# Finding and using anchor points

In this notebook, we show how to find anchor points based on your training set and how to use them to estimate the performance of new models in the test set.

## Preparing data

Loading packages

In [1]:
import numpy as np
import pickle
import pandas as pd
import json
from sklearn.cluster import KMeans
from sklearn.metrics.pairwise import pairwise_distances
from irt import *
from utils import *

random_state = 42

The leaderboard dataset we will use is composed by six scenarios (sub-datasets):
1. TruthfulQA
1. GSM8K
1. Winogrande
1. ARC
1. HellaSwag
1. MMLU

MMLU is further divided into sub-scenarios (e.g., abstract algebra, anatomy, etc). Let's check scenarios and sub-scenarios:

In [2]:
scenarios

{'harness_truthfulqa_mc_0': ['harness_truthfulqa_mc_0'],
 'gsm8k': ['harness_gsm8k_5'],
 'winogrande': ['harness_winogrande_5'],
 'arc': ['harness_arc_challenge_25'],
 'hellaswag': ['harness_hellaswag_10'],
 'mmlu': ['harness_hendrycksTest_abstract_algebra_5',
  'harness_hendrycksTest_anatomy_5',
  'harness_hendrycksTest_astronomy_5',
  'harness_hendrycksTest_business_ethics_5',
  'harness_hendrycksTest_clinical_knowledge_5',
  'harness_hendrycksTest_college_biology_5',
  'harness_hendrycksTest_college_chemistry_5',
  'harness_hendrycksTest_college_computer_science_5',
  'harness_hendrycksTest_college_mathematics_5',
  'harness_hendrycksTest_college_medicine_5',
  'harness_hendrycksTest_college_physics_5',
  'harness_hendrycksTest_computer_security_5',
  'harness_hendrycksTest_conceptual_physics_5',
  'harness_hendrycksTest_econometrics_5',
  'harness_hendrycksTest_electrical_engineering_5',
  'harness_hendrycksTest_elementary_mathematics_5',
  'harness_hendrycksTest_formal_logic_5',
 

Loading leaderboard data:

In [3]:
with open('data/lb.pickle', 'rb') as handle:
    data = pickle.load(handle)

In this dataset, we have data from 395 models. Let's see the names of some of them below

In [4]:
len(data['models']),data['models'][:10]

(395,
 ['open-llm-leaderboard/details_zhengr__MixTAO-7Bx2-MoE-DPO',
  'open-llm-leaderboard/details_alignment-handbook__zephyr-7b-sft-full',
  'open-llm-leaderboard/details_rombodawg__Leaderboard-killer-MoE_4x7b',
  'open-llm-leaderboard/details_FelixChao__ExtremeDolphin-MoE',
  'open-llm-leaderboard/details_LoSboccacc__orthogonal-2x7B-base',
  'open-llm-leaderboard/details_moreh__MoMo-70B-lora-1.8.6-DPO',
  'open-llm-leaderboard/details_deepseek-ai__deepseek-moe-16b-base',
  'open-llm-leaderboard/details_Swisslex__Mixtral-Orca-v0.1',
  'open-llm-leaderboard/details_wang7776__Mistral-7B-Instruct-v0.2-sparsity-20',
  'open-llm-leaderboard/details_nfaheem__Marcoroni-7b-DPO-Merge'])

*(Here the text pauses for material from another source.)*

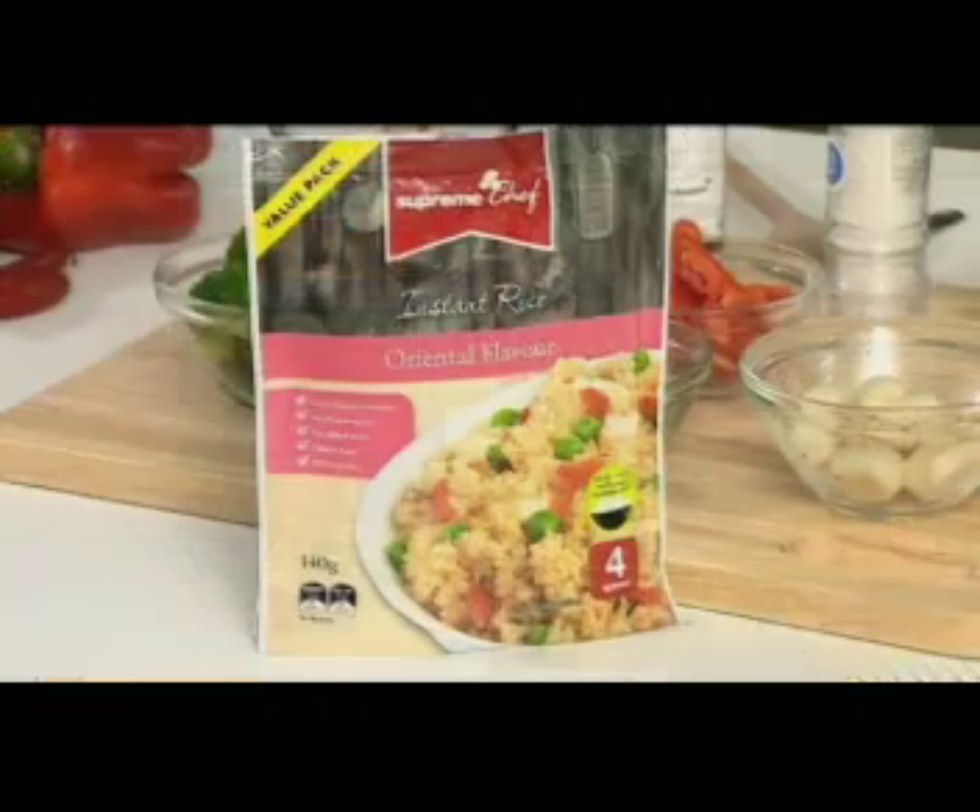G'day guys, thanks for joining me again. I'm Jono and I'm cooking today with a new range of Supreme Chef instant rice dishes.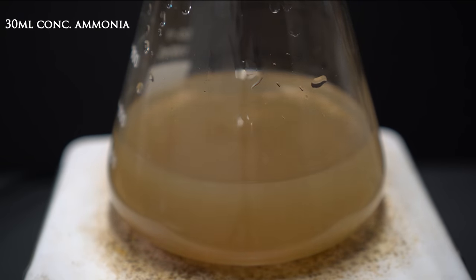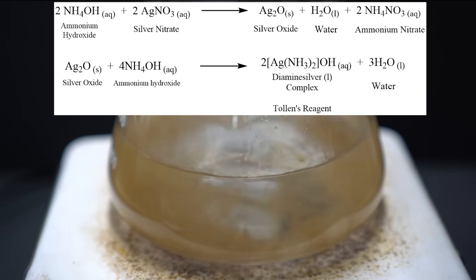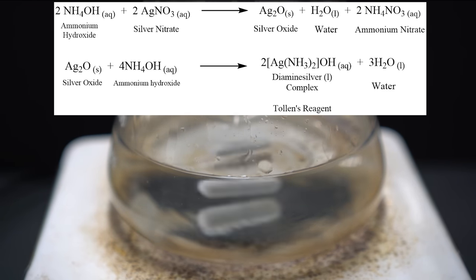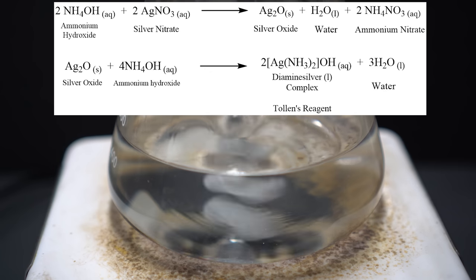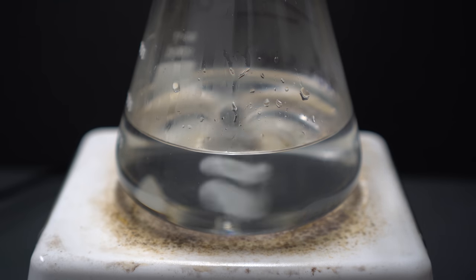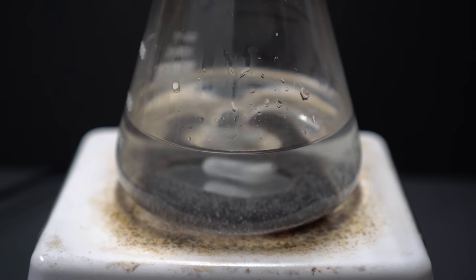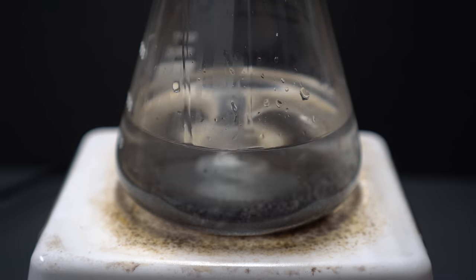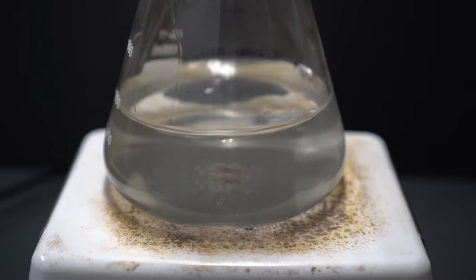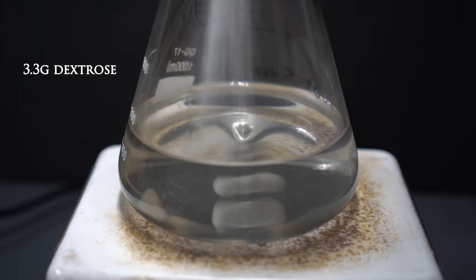30 mL of ammonia was added and you can see it turns that orange color again, however this time after some stirring it clears up and fully turns into a clear solution. The ammonia and silver nitrate react to make silver oxide, water, and ammonium nitrate. The silver oxide then reacts with ammonium hydroxide again to make a diamine silver complex, which is the Tollens' reagent — this also makes it more water soluble. 8 grams of sodium hydroxide was added to maintain the basicity of the solution. This makes silver oxide again, but with excess ammonia in solution it completely dissolves. Finally, dextrose was added because it has our aldehyde functional group.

Below, we will process the data so all correctness scores (for all scenarios) are stored in $Y$. The dictionaries `scenarios_position` and `subscenarios_position` give the position of scenarios/subscenarios correctness scores in $Y$.

In [5]:
scenarios_position, subscenarios_position = prepare_data(scenarios, data)
Y = create_responses(scenarios, data)
Y.shape

(395, 28659)

For example, below you can see the scores for MMLU:

In [6]:
Y[:,scenarios_position['mmlu']], Y[:,scenarios_position['mmlu']].shape

(array([[0., 0., 1., ..., 1., 1., 0.],
        [0., 0., 1., ..., 1., 1., 0.],
        [0., 0., 1., ..., 1., 1., 0.],
        ...,
        [0., 0., 1., ..., 1., 1., 0.],
        [0., 0., 1., ..., 1., 1., 0.],
        [1., 0., 1., ..., 1., 1., 0.]]),
 (395, 14042))

For scenarios that have multiple subscenarios, it is usually the case that we want to give equal importance to individual subscenarios when computing the aggregated performance in that scenario. This is equivalent to using a weighted average when computing the aggregated performance. We will create `balance_weights`, a vector of weights to help us compute those weighted averages. These weights will be different than one only for MMLU, which is the only scenario with multiple subscenarios.

In [None]:
# 28659 包含包括mmlu所有场景的子集，和其他的数据集的subscenario
balance_weights = np.ones(Y.shape[1])
# N为MMLU的问题总数
N = len(scenarios_position['mmlu'])
# n_sub为mmlu科目数量
n_sub = len(scenarios['mmlu'])
# sub为科目
for sub in scenarios['mmlu']:
    # n_i为对应subject题目数量
    n_i = len(subscenarios_position['mmlu'][sub])
    # idx = subscenario_position['mmlu'][sub],是mmlu子集在所有subscenrio中的位置
    # n_sub * n_i 为对应subject的问题数量，乘上mmlu科目数量（57）。balance_weights中有大于1有小于1的，大于1说明科目数量小，给予更高的weight
    balance_weights[subscenarios_position['mmlu'][sub]] = N/(n_sub*n_i)  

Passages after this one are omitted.